The CIA estimate soon appeared in a report by a State Department analyst that was the U.S. government’s first comprehensive assessment of trafficking. State Department officials raised the alarm about victims trafficked into the United States when they appeared before Congress in 1999 and 2000, citing the CIA estimate. A Justice Department official testified that the number might have been 100,000 each year.
The congressional hearings focused mostly on trafficking overseas. At the House hearing in September 1999, Rep. Earl F. Hilliard (D-Ala.) changed the subject and zeroed in on Laura J. Lederer, a Harvard University expert on trafficking.
“How prevalent is the sex trade here in this country?” Hilliard asked.
“We have so very little information on this subject in this country. . . . so very few facts,” Lederer said.
“Excuse me, but is the sex trade prevalent here?” Hilliard asked.
Nobody knows, Lederer said.
Bipartisan passion melted any uncertainty, and in October 2000, Congress enacted the Trafficking Victims Protection Act, significantly broadening the federal definition of trafficking. Prosecutors would no longer have to rely on statutes that required them to prove a victim had been subjected to physical violence or restraints, such as chains. Now, a federal case could be made if a trafficker had psychologically abused a victim.
The measure toughened penalties against traffickers, provided extensive services for victims and committed the United States to a leading role internationally, requiring the State Department to rank countries and impose sanctions if their anti-trafficking efforts fell short.

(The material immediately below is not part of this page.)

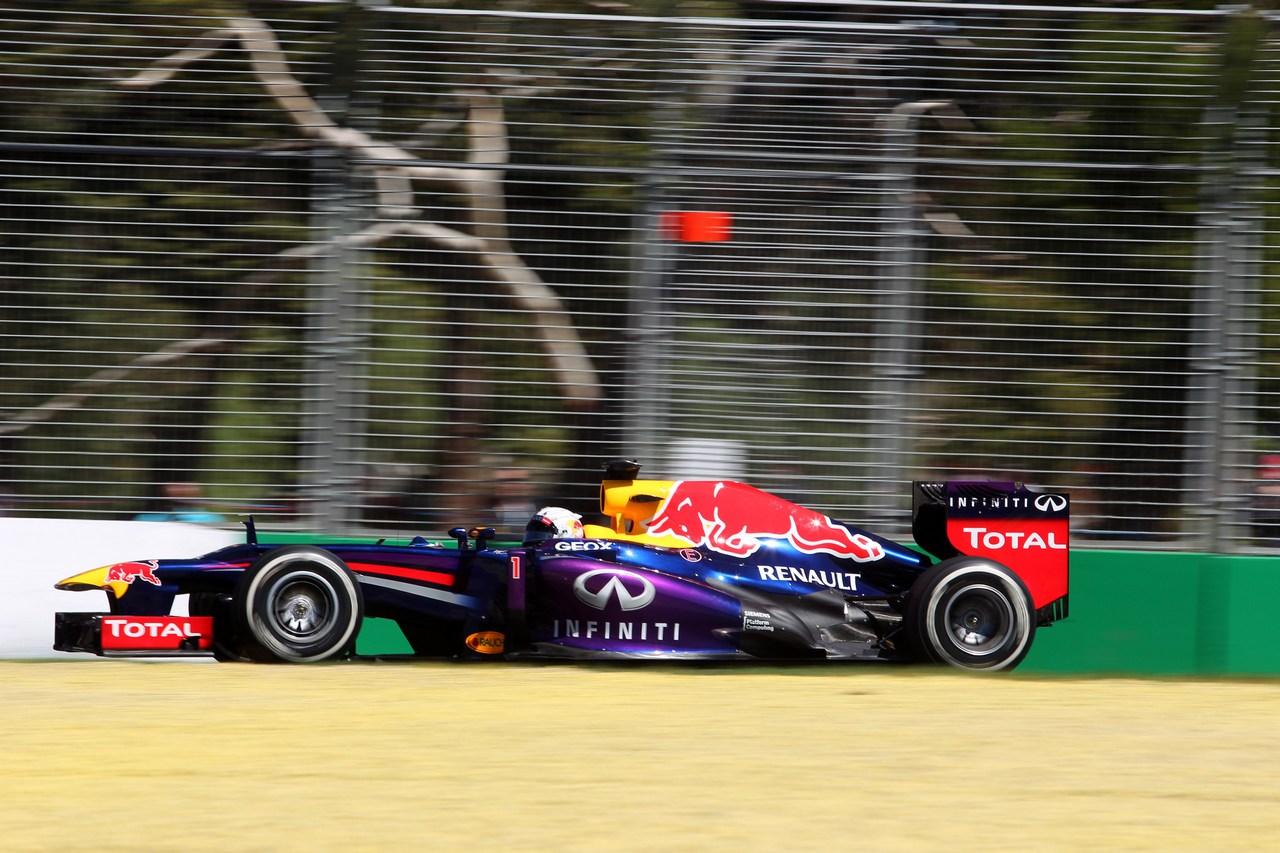 15.03.2013- Free Practice 1, Sebastian Vettel (GER) Red Bull Racing RB9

The law’s fifth sentence says: “Congress finds that . . . approximately 50,000 women and children are trafficked into the United States each year.”
Just as the law took effect, along came a new president to enforce it.
Bell, with Prison Fellowship Ministries, noted that when Bush addressed the U.N. General Assembly in 2003, he focused on the war in Iraq, the war on terrorism and the war on trafficking.
Soon after Bush took office, a network of anti-trafficking nonprofit agencies arose, spurred in part by an infusion of federal dollars.
HHS officials were determined to raise public awareness and encourage victims to come forward. For help, they turned to Ketchum in 2003.
Legal experts said they hadn’t heard of hiring a public relations firm to fight a crime problem. Wagner, who took over HHS’s anti-trafficking program in 2003, said that the strategy was “extremely unusual” but that creative measures were needed.
“The victims of this crime won’t come forward. Law enforcement doesn’t handle that very well, when they have to go out and find a crime,” he said.
Ketchum, whose Washington lobbying arm is chaired by former U.S. Rep. Susan Molinari (R-N.Y.), formed coalitions of community groups in two states and 19 cities, to search for and aid victims. The coalition effort was overseen by a subcontractor, Washington-based Capital City Partners, whose executives during the period of oversight have included the former heads of the Fund for a Conservative Majority and the Manhattan Institute, a conservative think tank, in addition to the former editorial page editor of the conservative Manchester (N.H.) Union Leader newspaper.
Trying to Get the Number Right
Three years ago, the government downsized its estimate of trafficking victims, but even those numbers have not been borne out.
The effort to acquire a more precise number had begun at the Library of Congress and Mercyhurst College in Pennsylvania, where graduate students on a CIA contract stayed up nights, using the Internet to find clippings from foreign newspapers.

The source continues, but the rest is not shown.